Python - pyodbc and Batch Inserts to SQL Server (or pyodbc fast_executemany, not so fast...)


I recently had a project in which I needed to transfer a 60 GB SQLite database to SQL Server.  After some research I found the sqlite3 and pyodbc modules, and set about scripting connections and insert statements.  

The basic form of my script is to import the modules, setup the database connections, and iterate (via cursor) over the rows of the select statement creating insert statements and executing them.  

The issue here is that this method results in single inserts being sent one at a time yielding less than satisfactory performance.  Inserting 35m+ rows in this fashion takes ~5hrs on my system.

After some researching I found the general community suggesting solutions like the following:

In addition, based on my prior DBA experience, my initial thought was to create a string with BEGIN TRANSACTION, concatenate a batch of INSERT statements, end the string with a COMMIT TRANSACTION, and finally pass the batches of transactions as strings to pyodbc.execute.

I did some testing, please find my results below.

For this experiment I used a production dataset consisting of a single SQLite table with 18,050,355 rows.  The table has four columns with datatypes of integer, integer, text, and real.  The real column was converted to an integer as it was improperly defined in the SQLite database and was validated to be an integer.

1 by 1 inserts (~80 minutes)

The 1 by 1 inserts were executed by performing inserts as such:

select_stmt="SELECT col0, col1,col2,CAST(col3 AS INT) FROM table"
for row in sqlite3Cursor.execute(select_stmt):
    insert_stmt = f"INSERT INTO table(col0,col1,col2,col3) VALUES ({row[0]},{row[1]},'{row[2]}',{row[3]})"

Using SQL Server Profiler I could see the 1 by 1 inserts happening:

executemany (~95 minutes)

For this test I modified the insert statement into a prepared statement and fed in the insert statement and the select from SQLite as the input parameters for the executemany function:

insert_stmt = f"INSERT INTO table(col0,col1,col2,col3) VALUES (?,?,?,?)"

Via profiler we can see that we're now running prepared statements:

Unfortunately, this took longer than the 1 by 1 inserts.

fast_executemany (~75 minutes)

For this test I simply added a line of code:

pyodbcCursor.fast_executemany = True

On the profiler side of things this looked exactly like executemany, with repetitive executions of single prepared statements.

This did run quite a bit faster then executemany, however it only ran 5 minutes faster than the 1 by 1 inserts.

SQL Server Transaction (~20 minutes)

For the code modification on this test, I reverted back to a row by row cursor loop which builds the batches of 100 inserts per transaction.  It looks like this:

counts = 0
select_stmt="SELECT col0, col1,col2,CAST(col3 AS INT) FROM table"
insert_stmt="BEGIN TRANSACTION \r\n"
for row in sqlite3Cursor.execute(select_stmt):
    counts += 1
    insert_stmt = f"INSERT INTO table(col0,col1,col2,col3) VALUES ({row[0]},{row[1]},'{row[2]}',{row[3]}) \r\n"
    #The modulus is the batch size
    if counts % 100 == 0:    
        insert_stmt+="COMMIT TRANSACTION"
        insert_stmt="BEGIN TRANSACTION \r\n"
#get the last batch
if insert_stmt!="BEGIN TRANSACTION \r\n":
    insert_stmt+="COMMIT TRANSACTION"

From profiler we can now see batches happening, 100 inserts at a time!
This also completes in 20 minutes which is 3 to 4 times faster than the next best test.

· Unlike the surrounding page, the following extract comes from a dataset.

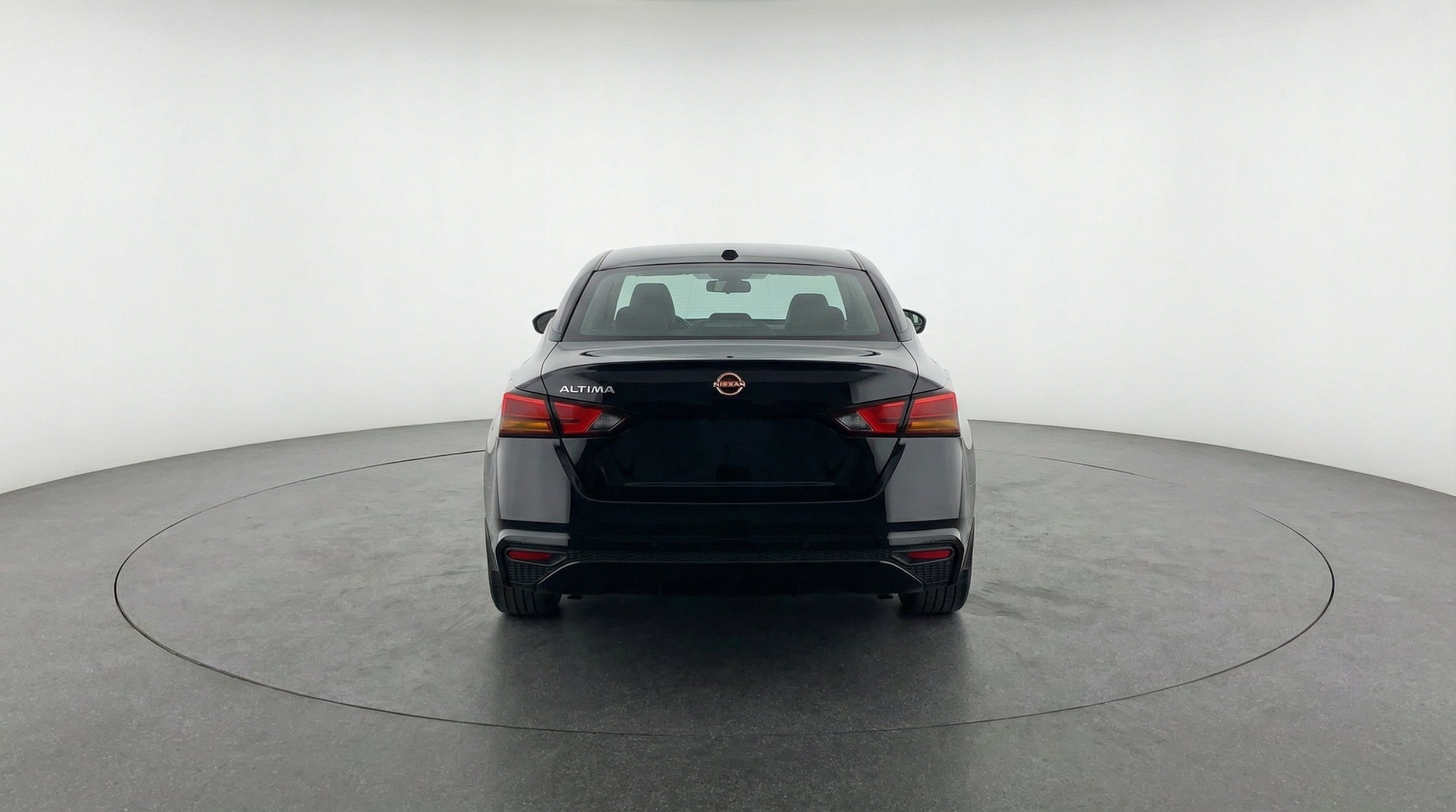 Thumbnail: 2025 Nissan Altima - 7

For what it's worth I was able to get this down to 12 mins with a batch size of 400 rows.  Batches larger than ~450 rows started dropping inserts.  Troubleshooting resulted in the determination that I was running into this issue:

TL;DR; I had to add SET NOCOUNT ON; in order to address this, however there was not a significant speed improvement with batch sizes larger than 400, for me.

Counter Log Review

I also took a performance counter log during testing.  The tests were performed in the order outlined above: 1 by 1, executemany, fast_executemany, and SQL Server Transactions.  You can see in the graphs below, 4 very distinct groups of executions.  The last test, SQL Server Transactions 100 inserts per batch ended at 1:30.  There was another failed test of 1000 transactions per batch between 1:30 and the end of the graphs below.

Red is the SQL Server Transaction log drive (I’m in SIMPLE recovery mode).
Orange is the SQL Server Disk for data files.

Memory looked fine, it did not get overwhelmed.